I am currently studying about cache miss and trying to collect data of cache miss rate.The machine I am using has a Xeon Silver 4114 processor with a Skylake SP microarchitecture.
Some suggests that miss rate can be calculated by dividing OFFCORE_RESPONSE_0_DATA_IN_LOCAL_DRAM with the sum of MEM_INST_RETIRED_ALL LOADS and MEM_INST_RETIRED_ALL_STORES but I failed to find OFFCORE_RESPONSE_0_DATA_IN_LOCAL_DRAM, I found a counter called OFFCORE_RESPONSE_0_OPTIONS and the MSR value for DATA_IN_LOCAL_DRAM but the result I get is always zero. I am using Stream as the testing program and likwid to collect hardware counters.
I check several forums for the answer and some suggests that Skylake Xeon has a very different flow because of the non-inclusive L3, so I am also wondering if I have to find some other ways to get the miss rate.
Is there any reference I can read or any tools I can use?
You need to be very clear about what you mean by "cache miss rate". There are lots of complications....
When I am working with STREAM and cache hits and misses, I usually just read the memory controller counters for cache line reads and writes and compare the numbers to the values I expect to see (assuming no re-use of the main STREAM arrays in any level of the cache). These are not "rates", they are just counts of cache line transfers. This has the advantage of not requiring counting on all cores, but has the disadvantage of not providing any insight into what is causing the memory accesses. (Not a problem with STREAM, since I know what causes the memory accesses, but often a problem when dealing with someone else's code.)
I have not tested the OFFCORE_RESPONSE events on SKX processors. They are generally tricky to program. The three places I look for examples are:
From the last site, the table at https://download.01.org/perfmon/SKX/skylakex_offcore_v1.10.tsv lists potentially useful values for the auxiliary MSRs to use with the offcore response events. One set of events that seems close to what you want would be:
Thank you very much for your advice Dr. Bandwidth! I tried the offcore_response.all_data_rd.l3_miss.snoop_miss_or_no_fwd counter you mentioned. I tested your STREAM program and use perf to check the counters. However the results seem to vary a lot from run to run(sometimes as much as 50%). In comparison, the counter OFFCORE_RESPONSE_0_DATA_IN_LOCAL_DRAM used in previous machine has little variation. The load and store counts are similar from run to run. The running time also varies but not as much. Do you know reasons for this variation? Is it because there is non-determinism in the cache policy on the new machine?
I have not experimented with any of the offcore response counter options on SKX, so I don't have any expectations about whether they should be trusted....

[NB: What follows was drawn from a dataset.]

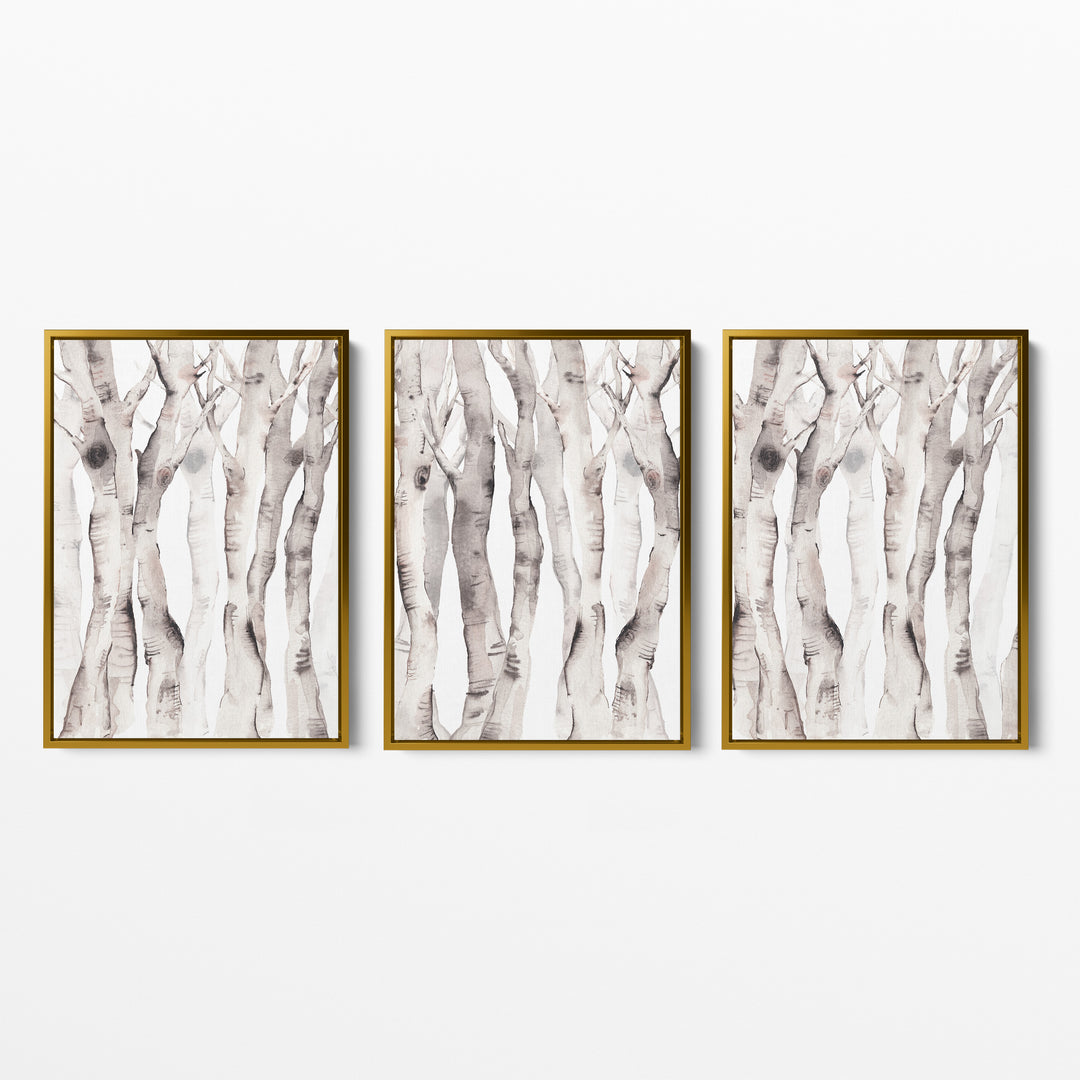 Modern Aspen Birch Tree Watercolor - Set of 3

There is certainly a great deal of non-determinism in Intel processors (especially with regard to hardware prefetching), and it is likely that this is increased in the SKX generation. I would not expect this to have much influence on the offcore response event listed above, but it is not uncommon for performance counter events to have bugs whose magnitude depends on dynamically-adjusted behavior.
The most common example of dynamic variation in counts occurs with "demand read" events, which can be very low (if prefetching is aggressive), or high (if prefetching is disabled or if the access pattern is one that cannot be prefetched).
The event that you selected should be counting both demand and prefetch loads, so the split between the two should not matter.
An alternative dynamic mechanism that may apply here relates to bypass paths -- some data transfers can use either the "normal" (queued) data path or a "bypass" path, and in some cases these must be counted separately. There have been cases where no event to count traffic on the bypass path was provided (e.g., Sandy Bridge EP), requiring disabling the bypass path to obtain accurate measurements
You mentioned that you see large variations in this count --- how do the counts compare to the expected values?
When I want to use external (whole-program) counters with STREAM, I typically increase the NTIMES variable from the default of 10 to 100. This reduces the relative overhead of the setup and validation steps, so the simple estimate of expected traffic is closer.
When compiled with streaming stores, the expected number of cache line reads and writes for a run of STREAM is
CAS.READS = STREAM_ARRAY_SIZE * (6 * NTIMES + 1 + 3) * sizeof(STREAM_TYPE) / 64
CAS.WRITES = STREAM_ARRAY_SIZE * (4 * NTIMES + 3) * sizeof(STREAM_TYPE) / 64
Here the "6" is the number of explicit reads in the four STREAM kernels, "1" is the number of reads in the initial timing granularity check, "3" is the number of reads in the result validation code. There are "4" explicit stores in the four STREAM kernels, and 3 explicit stores in the initialization section. (The latter may or may not actually happen, depending on horrible details of how the OS uses sneaky hardware features to instantiate pages.)